There’s certainly confusion: while Kudlow told CNBC that the US is “not on the cusp of a deal” with China, on the same day, anonymous sources told Bloomberg that a potential trade agreement is being drafted.
“Such conflicting reports make investors more nervous, especially seeing that bears seem to have taken control over the past few weeks,” says FXTM’s Sayed.
The disparity has quickly turned the market rally into a lag.
Konstantinos Anthis, head of research at ADSS, says equities in Asia are trading with a “bearish bias”. “Confusion over whether a truce between the two sides is possible is keeping investors on the defensive, while the risk of a divided Congress, in light of the midterm elections, is also weighing down on risk sentiment.”
He points out that US futures are trending on the downside, suggesting a bearish opening bell at the start of the week.
Some market players clearly jumped the gun on Friday. And, as always, it seems that we should take much of what Trump says with a pinch of salt.
Bear in mind that, just last month, Trump himself said that a deal was not on the cards in the near future.
War and peace
The consensus among most analysts is that the President’s recent claims amount to little more than window dressing – an effort to sideline the trade dispute, and soothe the stock market in the lead up to the midterms.
“For the moment, the US-China trade dispute is taking a backseat as President Trump plunged himself into last-minute campaigning before the US midterm elections,” says Fiona Cincotta, senior market analyst at City Index.
But those aren’t the only reasons that the markets started dipping again.
Yesterday, during an international trade fair in Shanghai, President Xi made it clear that China would not give in to pressure from the US to change its trade policies.
In what appeared to be a jibe at Trump, Xi lambasted protectionism and promised to make it easier for foreign companies to tap the Chinese economy.
As far as the US-China trade war is concerned, Xi’s strong words add fuel to the fire, increasing scepticism that a deal will be made anytime soon.
While Xi also made various pledges to increase imports by cutting tariffs, the lack of detail or a specific timeframe has left many doubting whether such reforms will come to fruition. It was also unclear which countries would benefit from the lower tariffs Xi proposed.
Critics have pointed out that the implementation of Chinese reforms have been too slow, and while Xi wants to portray China as the champion of globalisation, the country is still regarded as one of the most protectionist in the world.

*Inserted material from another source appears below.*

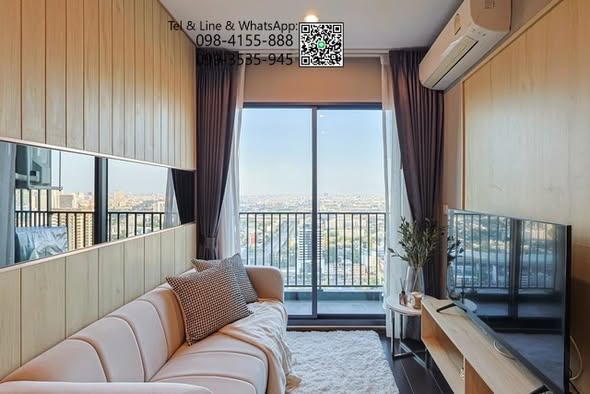 bedroom and living room and room interior of C Ekkamai Condominium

Later this month, Xi and Trump will be meeting at the G20 summit to discuss the ongoing trade issues, but there remain doubts about whether a deal will come to light, with some analysts citing problems around the complexity of sticking points like intellectual property.

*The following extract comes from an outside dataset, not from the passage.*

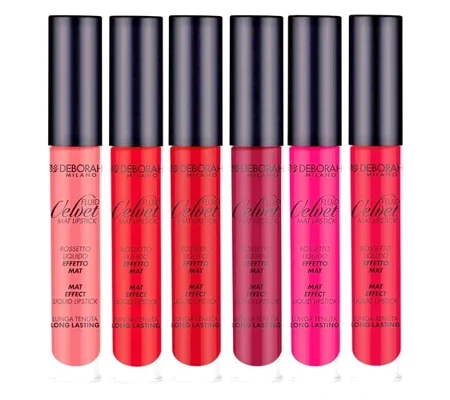 Deborah Milano Fluid Velvet Mat Liquid Lipstick - Various Shades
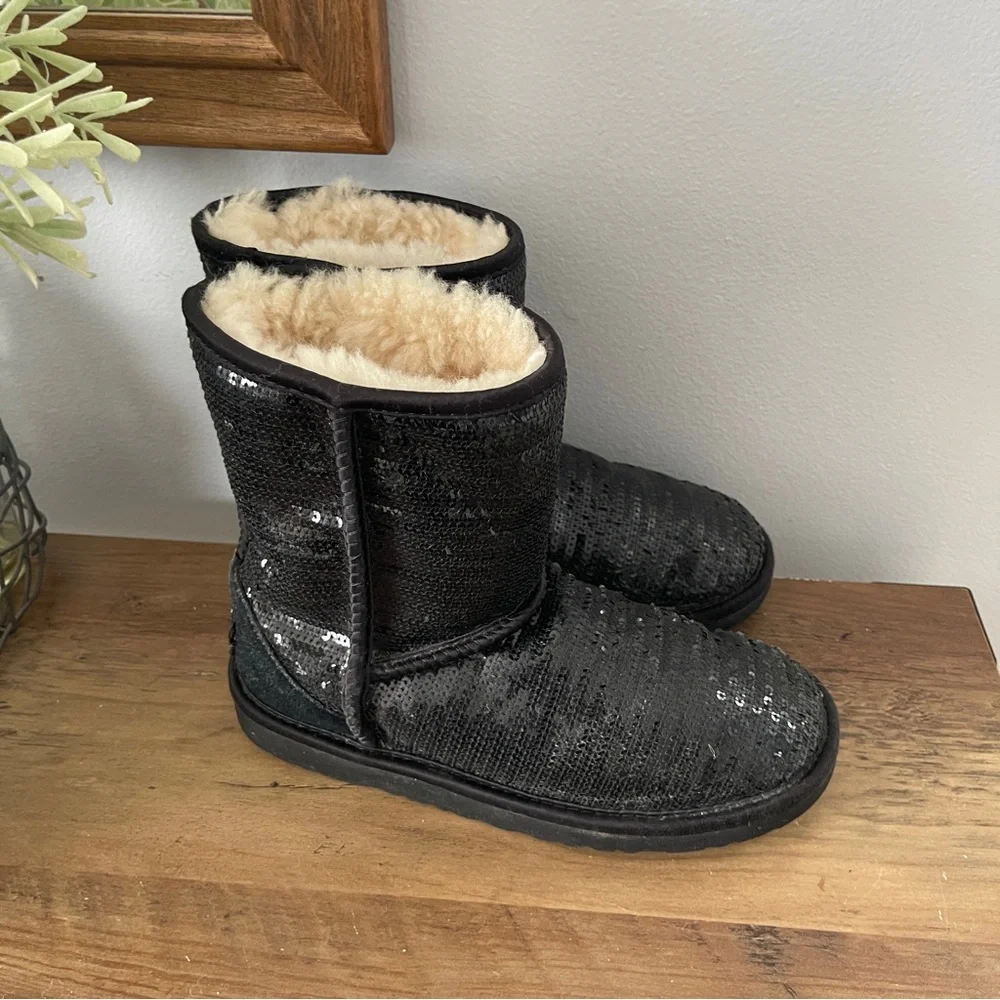 UGG Black Sequin Winter Boots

It’s also not clear whether Trump is likely to ease up on his tough sanctions against China.
Over the past year, the US has made it more expensive for American consumers to buy Chinese goods, imposing tariffs on $250bn of Chinese exports. In retaliation, China has slapped the US with tariffs on $110bn of US goods.
For the sake of economic growth, the markets will be praying for an end to this tit-for-tat game plan.
And yet, while both the US and Chinese presidents have made some big promises, the two leaders are often criticised for being prone to a similar flaw: that their words don’t always turn into action.
The battle is likely to rage on, and Asian markets don’t look like they’ll be emerging from their dark times just yet. Last week might have looked like a light at the end of the tunnel, but it was really just a flicker of hope.